# Priming OLD plaster walls! What is the best?



## ccarlisle (Jul 2, 2008)

If you are about to paint a previously-wallpapered surface, just make sure the old paste is off - otherwise you'll have a rough surface that no paint or primer will hide. I gather you are not having problems removing the old paper but once you get down to the first layer, there may be paste remnants left on the wall; now fortunately, they use a cellulosic paste back then which is easily re-emulsified back to paste with soap and water. Use a stiff brush or a sponge, perhaps a scraper...

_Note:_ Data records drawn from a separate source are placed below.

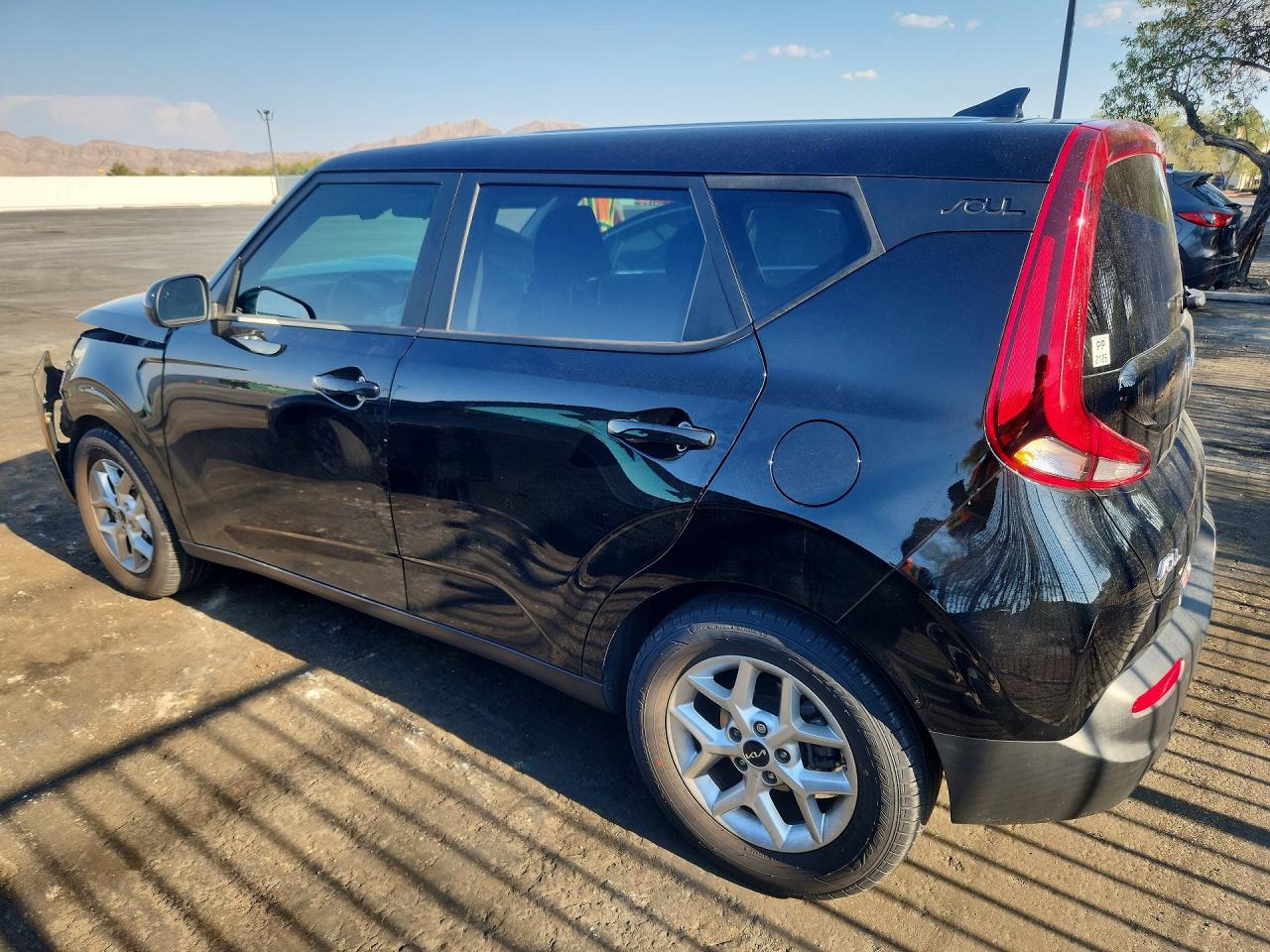 2022 KIA SOUL LX — снимка 2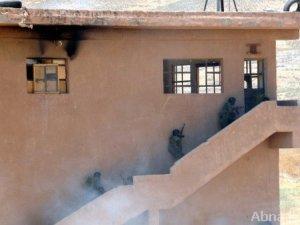 الجيش السوري يعثر على زجاجتين من غاز السارين في حماة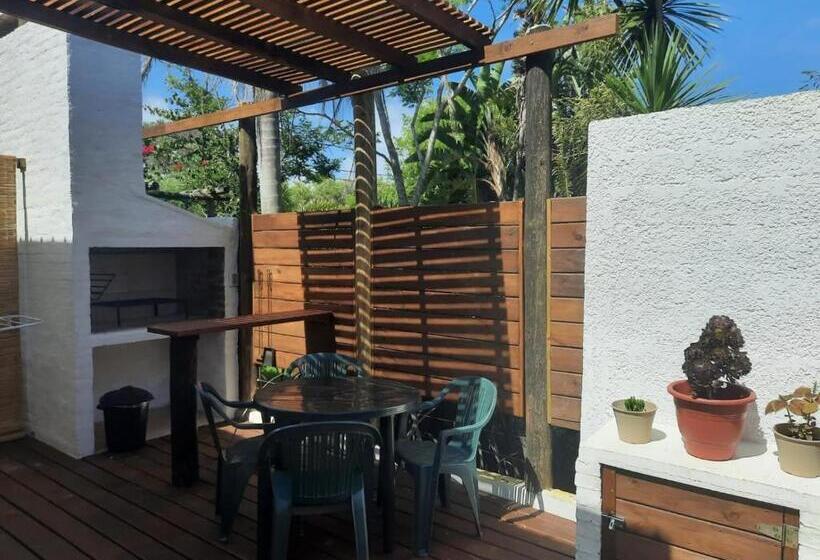 بنگله خانوادگی, Sonho Meu La Paloma Beach House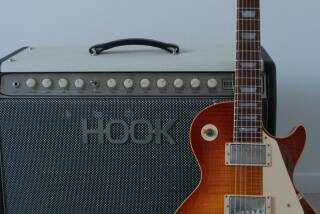 Hook Amps R40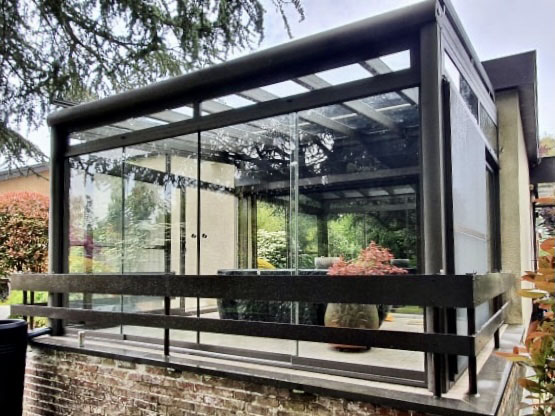 veranda rétractable avec des baies vitrees pour creer un espace salle a manger Verandair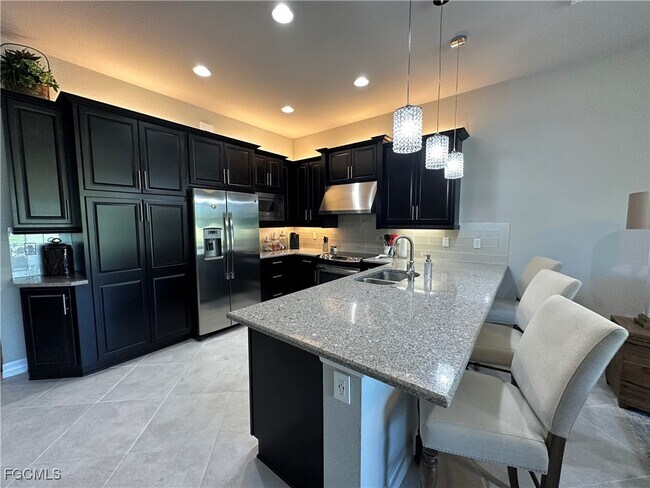 Foto del edificio - 11916 Five Waters Cir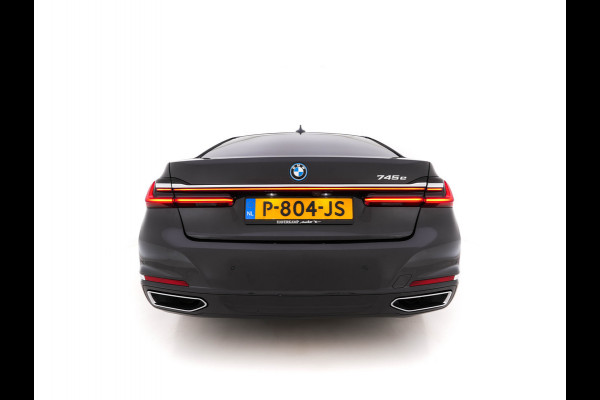 BMW 7 Serie 745e High Executive (INCL-BTW) *EXCLUSIV-NAPPA-LEATHER | LASER-LED | HEAD-UP | SOFT-CLOSE | BLIND-SPOT | MEMORY-PACK | DIGI-COCKPIT | KEYLESS | DAB+ | CAMERA | COMFORT-SEATS | AMBIENT-LIGHT | DAB | CARPLAY | 18"
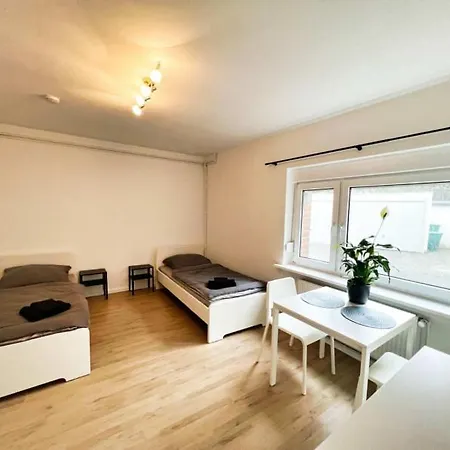 Have-a-nice-stay - A - Monteursunterkunft - Einzelbetten - Gute Anbindung - Bettwaesche *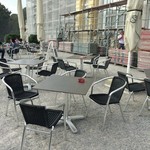 Cafe Gloriette - テラス席もありましたが、工事の跡が伺えます。
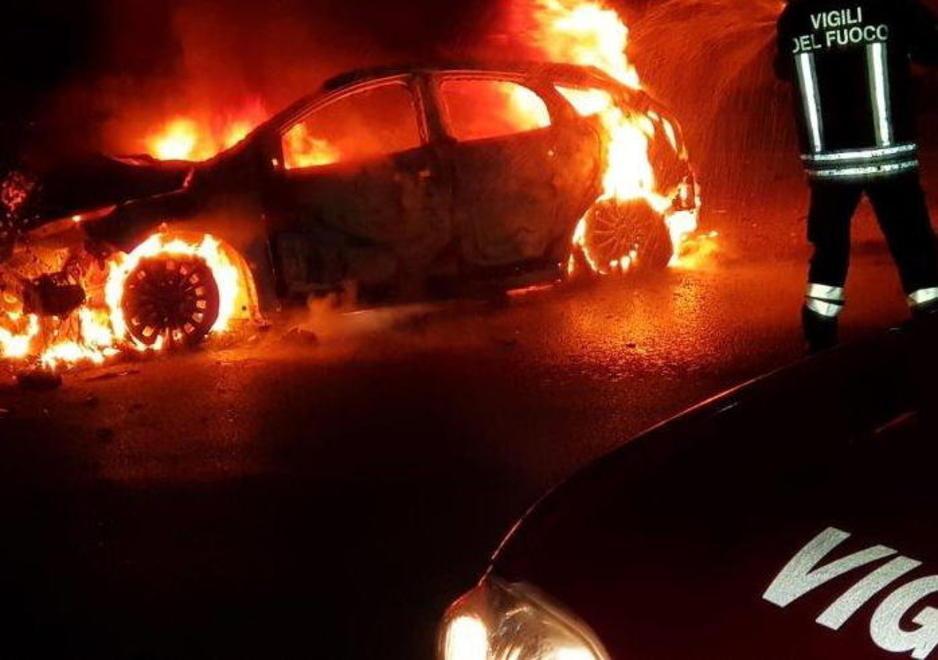 Auto sbanda in paese e prende fuoco Cinque ragazzi soccorsi, uno è gravissimo 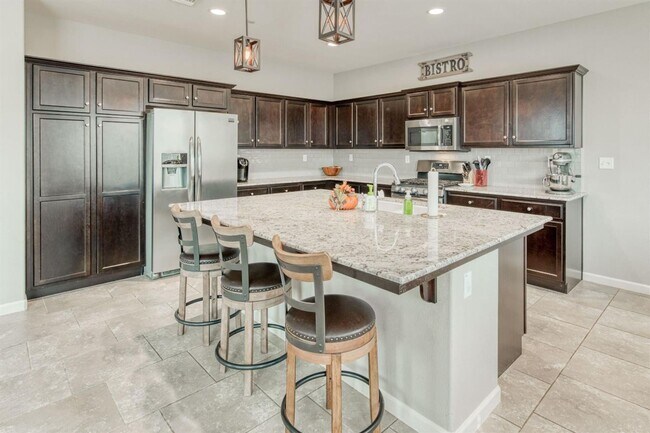 Building Photo - Beautiful 4 Bedroom 2.5 Baths in Clovis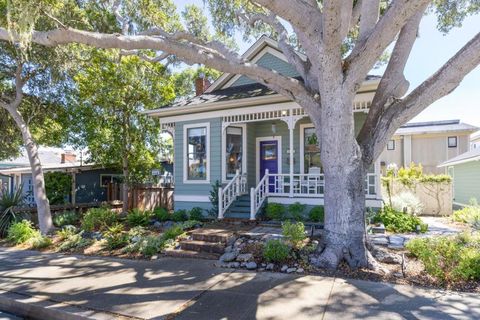 Photo of 215 Lobos Avenue, Pacific Grove, CA 93950 (MLS # ML82046792)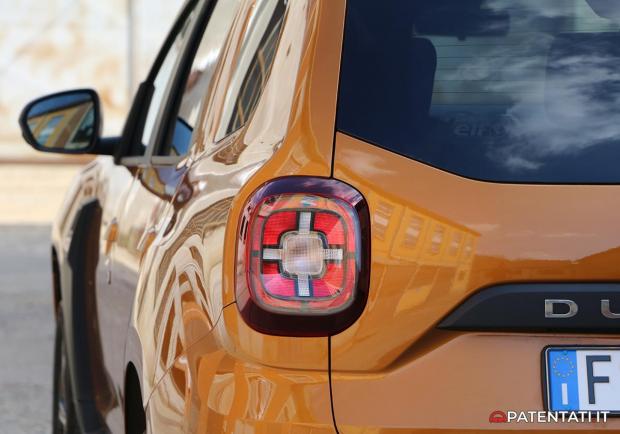 Dacia Duster GPL Prestige fari posteriori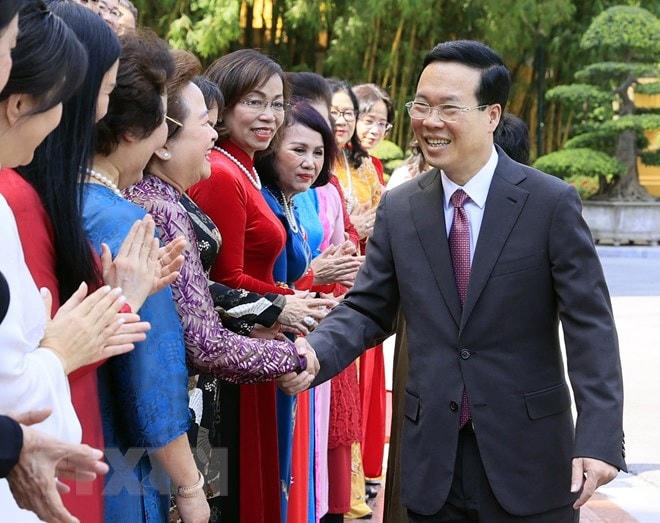 Chủ tịch nước nước Võ Văn Thưởng với các nữ doanh nhân tiêu biểu. Ảnh: TTXVN.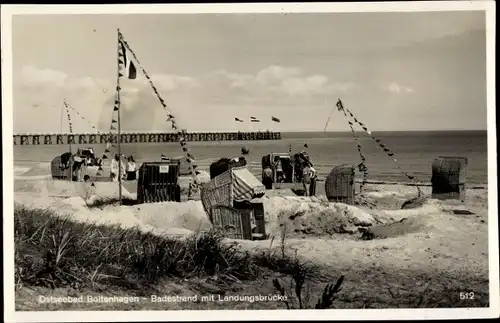 Ak Boltenhagen, Badestrand mit Landungsbrücken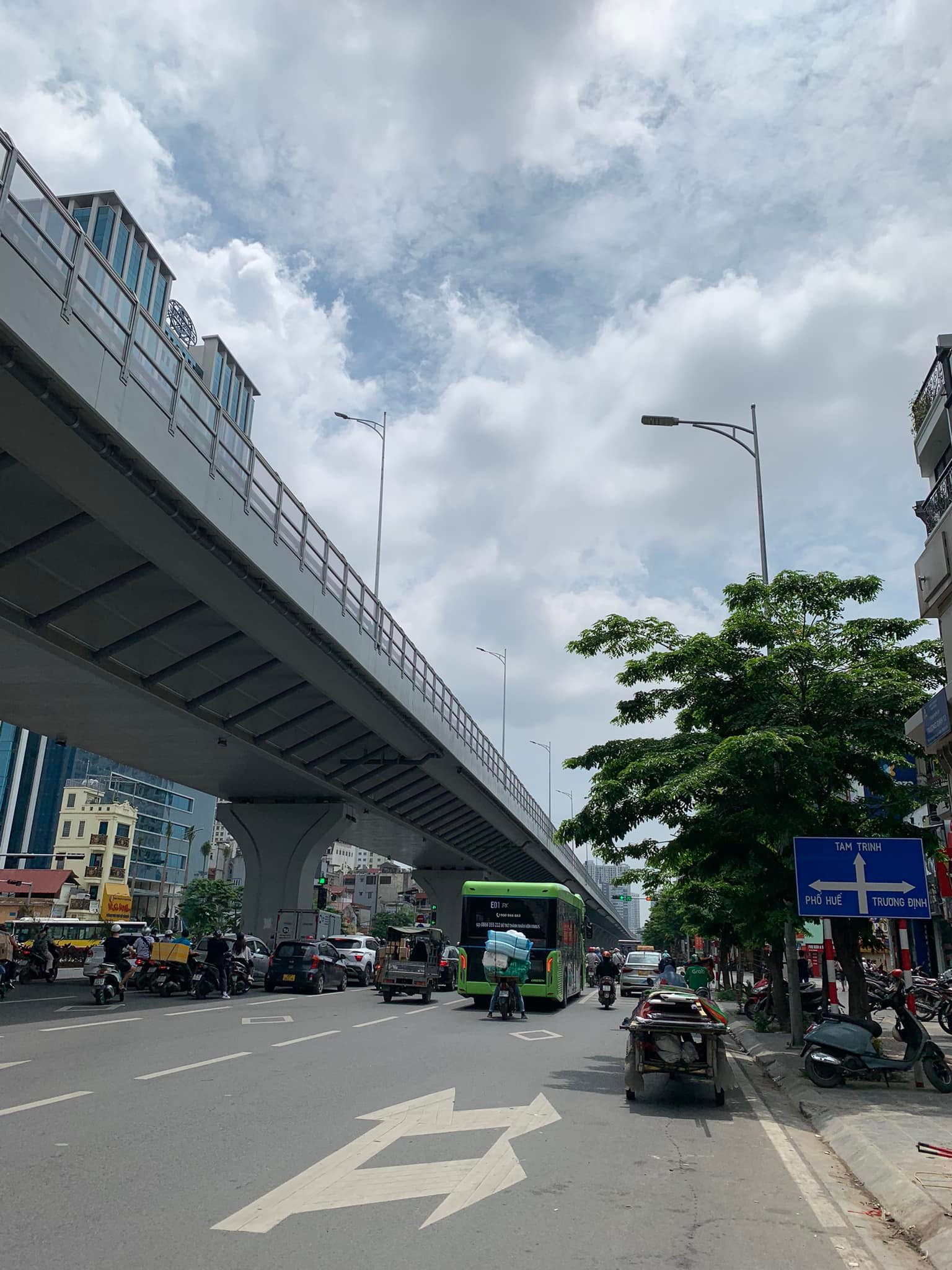 BÁN GẤP NHÀ MẶT PHỐ ĐẠI LA, VỈA HÈ KINH DOANH_DT 1100M2, MT 25M, 310TỶ - Ảnh 1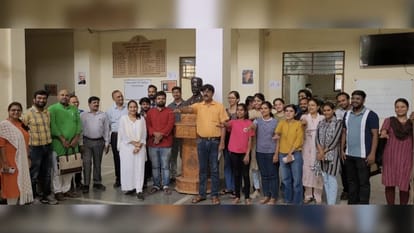 Lok Sabha Election Making voters and appeal to vote in varanasi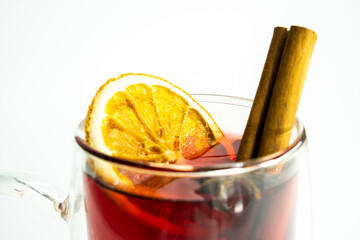 Warming Alcoholic Mulled Wine with Red Wine and Spices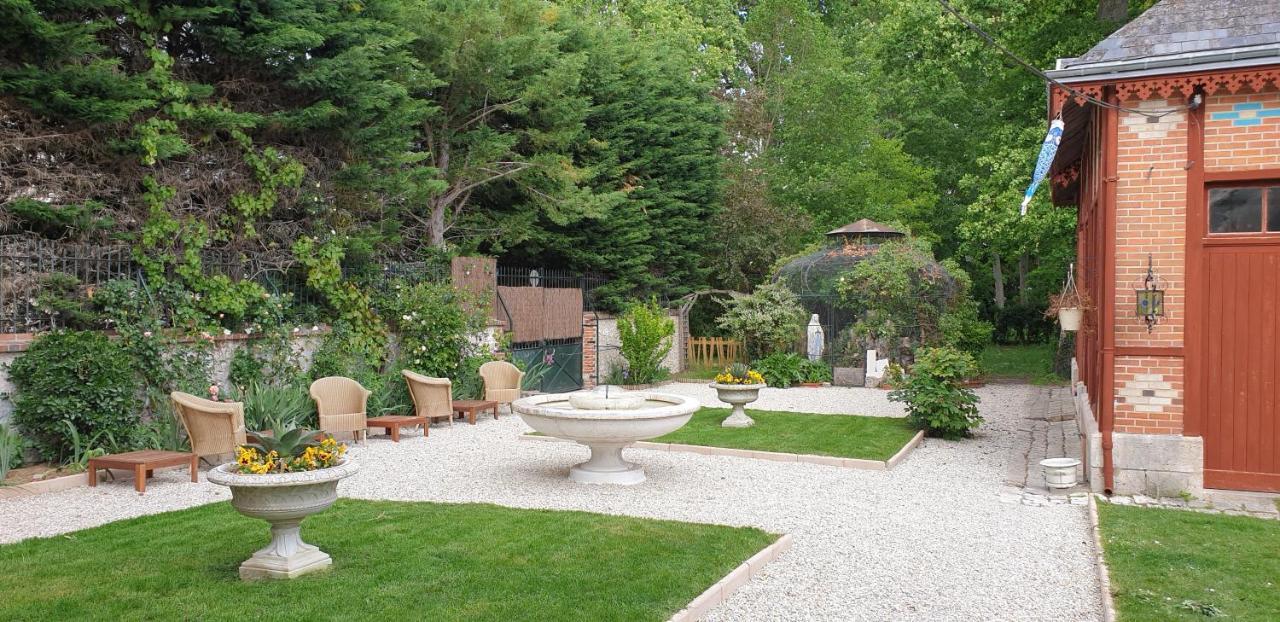 La Maison Leonard Blere Екстериор снимка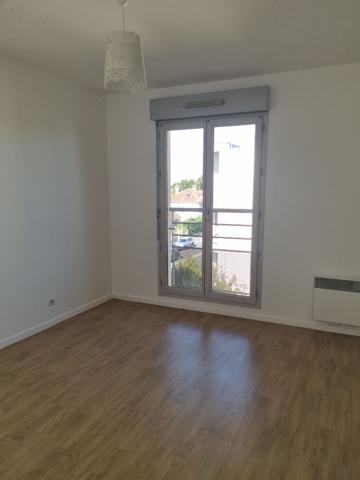 Appartement 2 pièce(s) 50.54 m2- COMBS LA VILLE Proche gare et commerces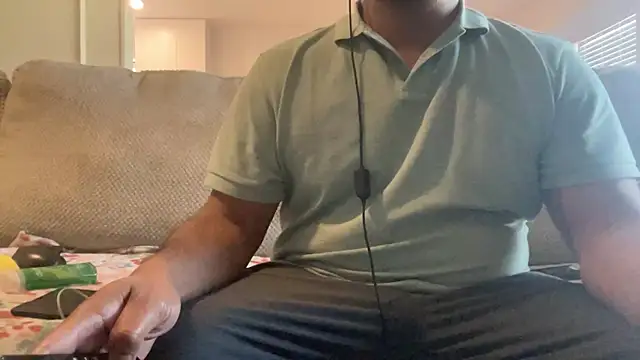 Snapshot of Bbcfun44 chatting on February 3, 4:41 pm Bbcfun44 online show from February 3, 4:41 pm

Then prime with the product you choose. 

But you say 'old plaster' i.e. cement-based wall treatment that has old paint on top of it. What you would be looking for is a primer that makes the adhesion of the new paint uniform - you don't need a filler because there is already paint on there. So, given you have a smooth, clean surface to start with, scuff it up a bit with sandpaper and wash it with TSP. Then apply a good quality acrylic primer to make the subsequent layers of paint stick well, resist scuffing, are washable and 'jam-resistant'. 

Like BMs "Fresh Start"...my favorite.


----------



## housepaintingny (Jul 25, 2009)

After removing the wallpaper clean the walls well with tsp making sure to get any wallpaper residue off. Make any repairs necessary to the walls. Apply a good fast drying oil base primer, I usually lightly screen sand the walls after I prime with a pole sander and drywall screen, then apply 2 coats of a 100% acrylic paint.


----------



## chrisn (Dec 23, 2007)

Gardz will work just fine


----------